Куда ярче академических достижений о Пушкине-исследователе говорит его личная библиотека. Это собрание книг, некогда принадлежавших поэту и ныне хранящихся в Пушкинском доме. Во многом именно этой богатой библиотеке (в ней есть книги на 14 языках) Пушкинский дом и обязан своим существованием. Уже сейчас внимательный взгляд ученых констатирует: это библиотека не столько писателя, сколько историка, погруженного в геополитику.
«Она принципиально отличается от библиотек других литераторов — современников Пушкина. Радикально. Но это и есть тот Пушкин, которого мы знаем. Здесь можно было бы с улыбкой отметить: “Скажи мне, какая у тебя библиотека, и я скажу, кто ты есть”. Собрание книг геоисторических, геополитических свидетельствует о его интересе к кругу вопросов не сугубо художественных и литературных. Хотя, с другой стороны, любая библиотека творческого человека — это лаборатория. Ведь все исследования так или иначе находили отражение в его произведениях», — рассказал «Научной России» научный руководитель Института русской литературы РАН (Пушкинского дома), профессор, член-корреспондент РАН Всеволод Евгеньевич Багно.
Вектор интересов Пушкина был разнонаправленным. В лицейский период его интересовала Западная Европа, затем, во время ссылки, это был Кавказ и страны исламского мира, потом Урал, за ним Сибирь, Камчатка и страны Азии — Япония и Китай. Недаром, отметил В.Е. Багно, на карамзинское «История народа принадлежит Царю» (из обращения к Александру I в начале «Истории государства Российского») Пушкин возразил: «История народа принадлежит Поэту».
«Библиотека Пушкина состоит из множества микробиблиотек: о Древнем Риме и Греции, о Персии, об Индии, о Китае. Огромная часть, конечно же, отведена Франции. Причем в каждой из них есть свои подразделы: история, география, путешествия. Причем фокус внимания менялся в зависимости от страны. В случае с Германией значительно больше было истории и философии, в Италии же Пушкина интересовали в первую очередь искусство и литература. И, конечно же, всегда словари и учебники», — сообщил В.Е. Багно.
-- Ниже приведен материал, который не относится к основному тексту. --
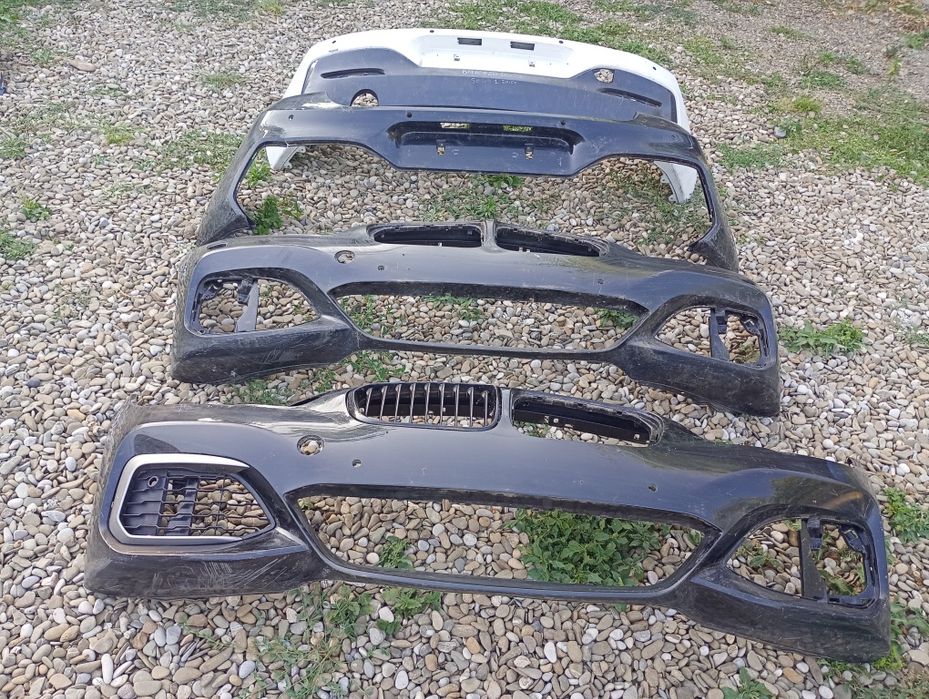 Bara fata spate far full led adaptv BMW seria 1 F20 facelift M 2015+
Александр Сергеевич Пушкин давно перестал быть просто поэтом, просто человеком, фактом истории или литературы. Пушкин — это улицы, памятники, высказывания, анекдоты; это эпоха, язык, страна; это наше детство, наша повседневность, наше мышление. Жизнь Пушкина, книги, которые он читал, вещи, которыми пользовался, вышли за рамки обыденных предметов и стали символами. Возможно, поэтому Пушкина и невозможно до конца «узнать». Но пытаясь сделать это, мы куда лучше понимаем уже даже не его — самих себя.